● What to do:
Beginning with the line that holds "Onitsuka Tiger オニツカタイガー", write out each line exactly as it stands until the end of the data, and include no pictures.

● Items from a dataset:
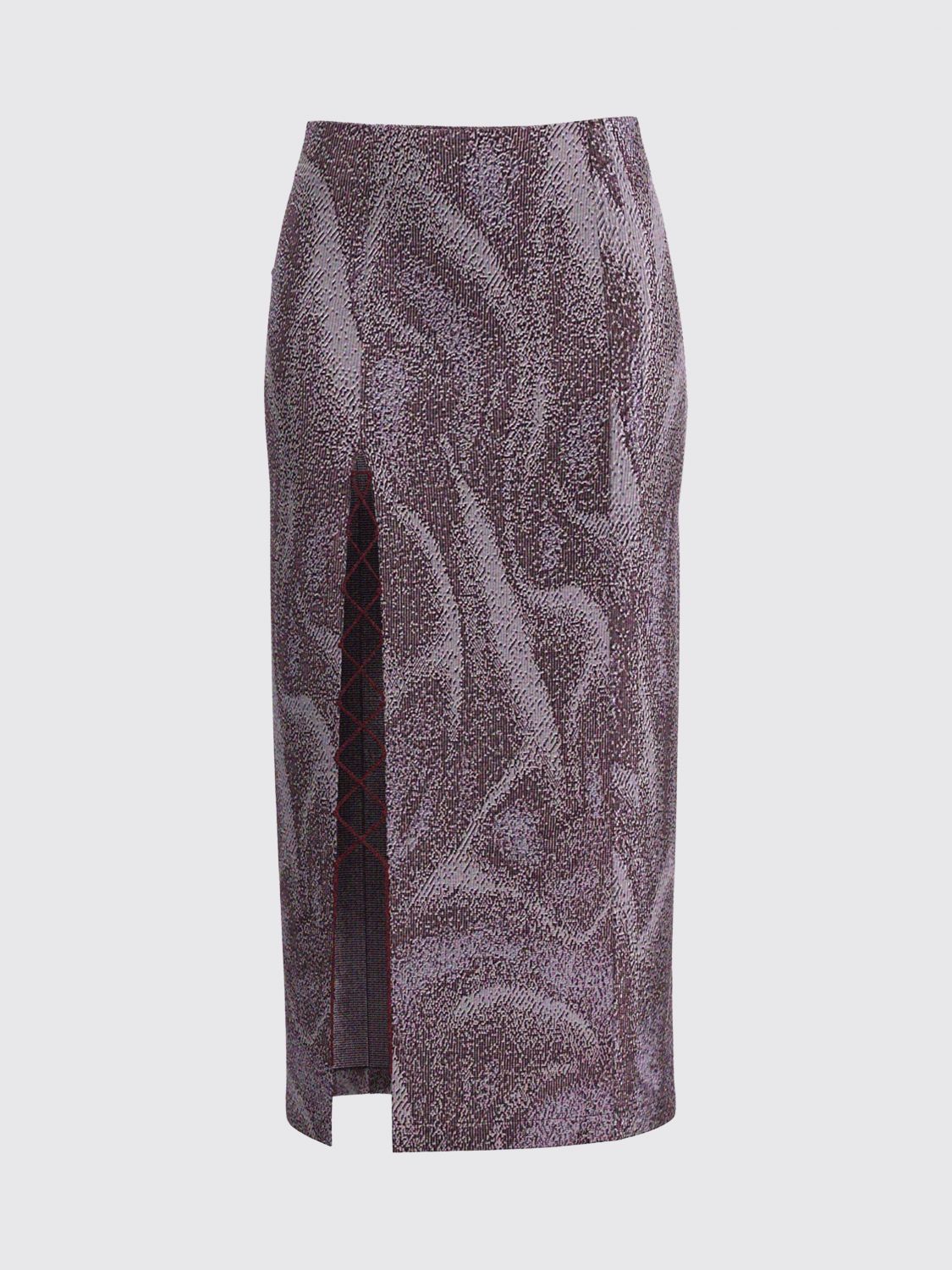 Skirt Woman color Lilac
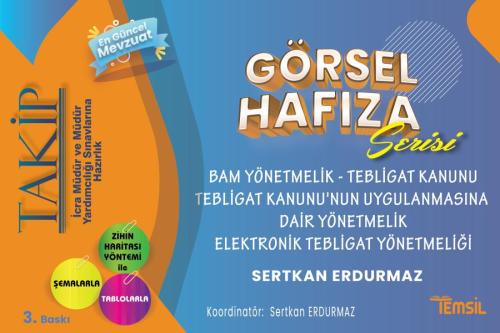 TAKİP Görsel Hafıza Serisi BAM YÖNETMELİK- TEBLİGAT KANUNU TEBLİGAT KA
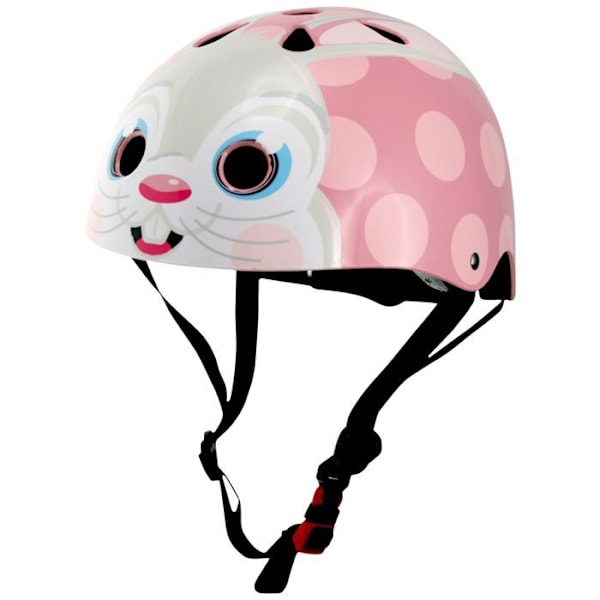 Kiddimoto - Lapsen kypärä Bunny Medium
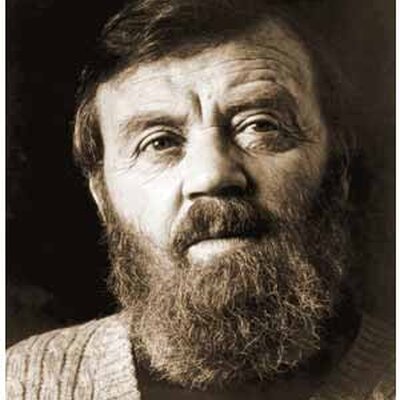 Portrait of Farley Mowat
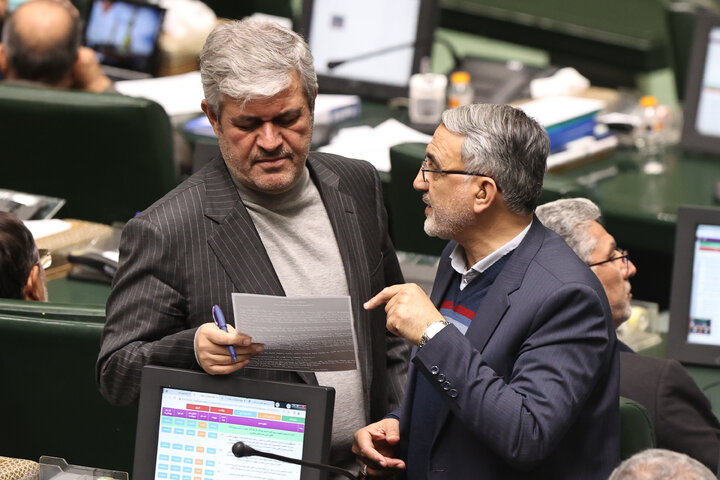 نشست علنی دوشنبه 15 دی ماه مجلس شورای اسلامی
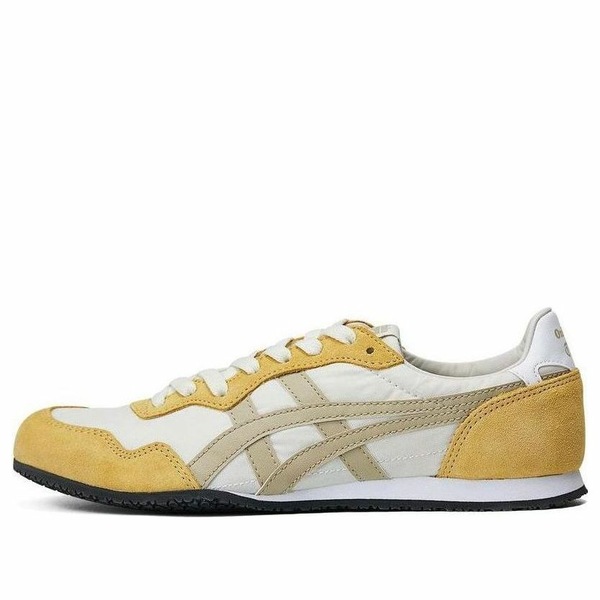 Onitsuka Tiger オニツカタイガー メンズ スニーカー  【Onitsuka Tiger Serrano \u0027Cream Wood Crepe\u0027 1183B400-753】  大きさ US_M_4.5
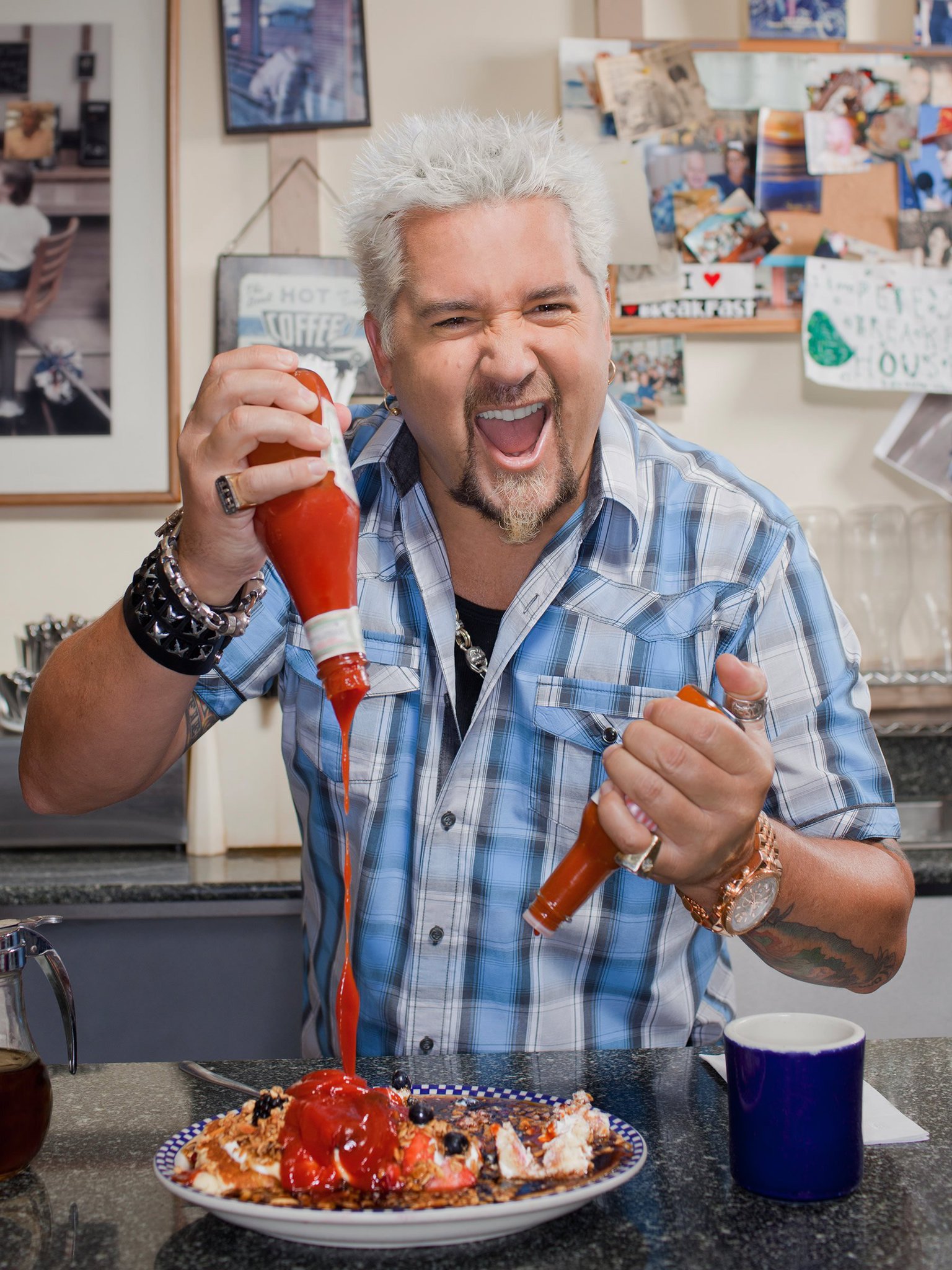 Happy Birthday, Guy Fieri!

● Result for this exercise:
 Onitsuka Tiger オニツカタイガー メンズ スニーカー  【Onitsuka Tiger Serrano \u0027Cream Wood Crepe\u0027 1183B400-753】  大きさ US_M_4.5
 Happy Birthday, Guy Fieri!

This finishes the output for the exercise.